Disse Ulisses:
«E a augusta Circe dirigiu-me então estas palavras: ‘Eis portanto esta prova cumprida até ao fim. Tu, escuta tudo o que te vou dizer; aliás, um deus em pessoa te fará recordá-lo. Chegarás primeiro à terra das sereias (…), cuja voz seduz qualquer homem que caminhe para elas. Se algum se aproxima sem estar prevenido e as ouve, jamais a sua mulher e os seus filhos pequerruchos se reúnem em torno dele e festejam o seu regresso; o canto harmonioso das sereias cativa-o. Elas habitam num prado, e a toda a margem está cheia das ossadas de corpos que se decompõem; sobre os ossos desseca-se a pele.

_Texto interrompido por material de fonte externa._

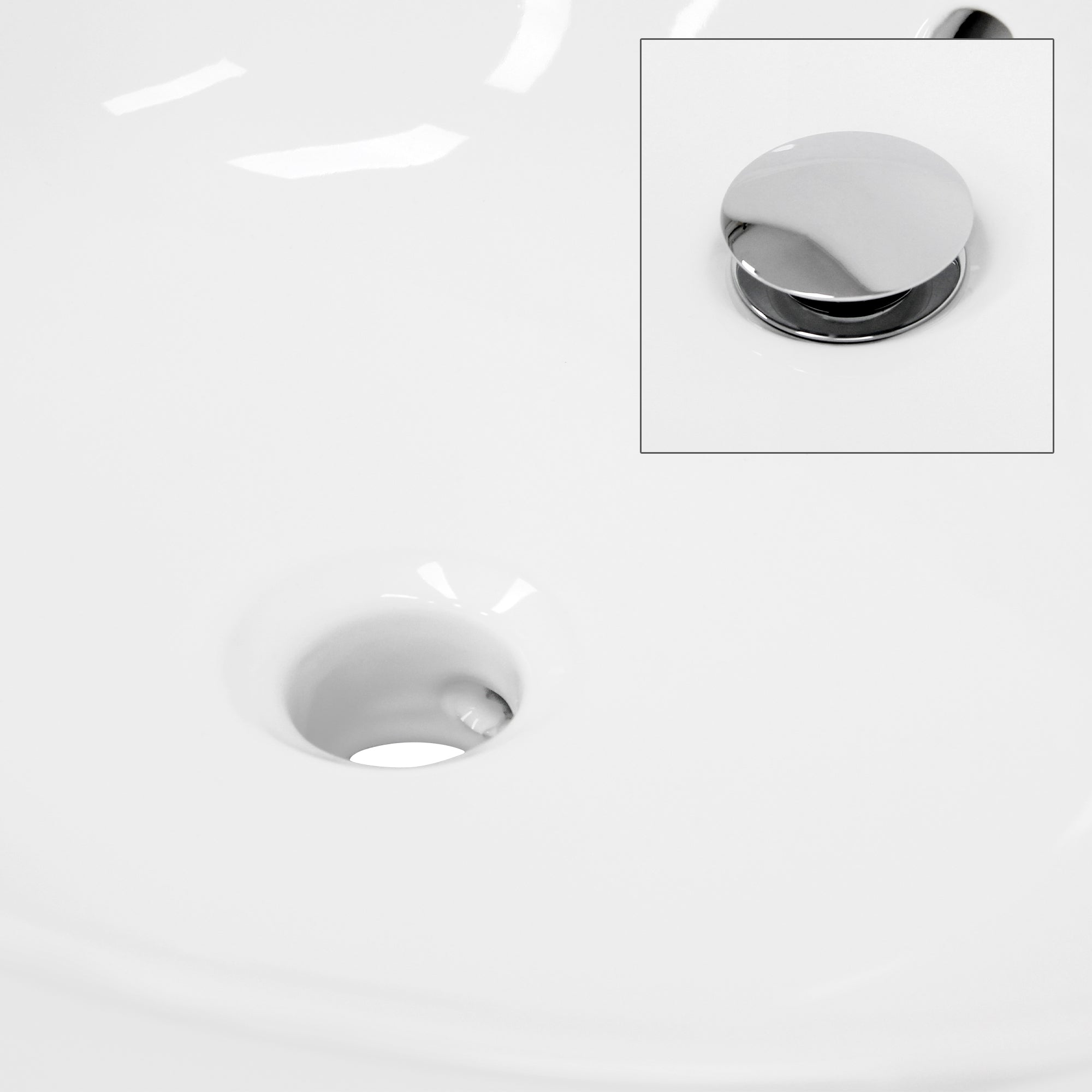 Close-up of a drain hole in a white washbowl.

Passa sem te deteres; amassa cera doce com mel e tapa as orelhas dos teus companheiros, para que nenhum deles as possa escutar. Quanto a ti, ouve se quiseres; mas que sobre a tua rápida nau te atem as mãos e os pés, erguido junto ao mastro, e a eles te prendam por reias. E, se tu suplicares e instares a tua gente para que te soltem, que eles dêem nós ainda mais numerosos (…)»
(Odisseia, Canto XII, pp. 133, 134)
A Odisseia é uma obra clássica atribuída a Homero, considerado um dos maiores poetas de todos os tempos. À falta de informação fidedigna relativa à vida do autor, persiste a dúvida em relação à veracidade do facto de ter sido Homero quem a escreveu. Tal dúvida partiu do Pe. Aulignac (1664), que atribuiu a sua autoria a uma colectânea de pequenos poemas oriundos de autores anónimos que os cantavam na Grécia.
(Homero, Odisseia, 2.ª edição datada de 1988, Edição Anotada, Publicações Europa-América, Mem Martins.)
Nesta obra são relatadas as aventuras de Ulisses e das provações por que passou.
Optei por deixar aqui uma delas, a que eu faço frequentemente uma analogia face ao que nos rodeia. Muitas vezes há que nos amarrarmos ao mastro para não deixarmos que vozes encantadas, ou o silêncio do nosso próprio ego, nos seduzam para uma falsa ventura, como tão bem aconselha Circe.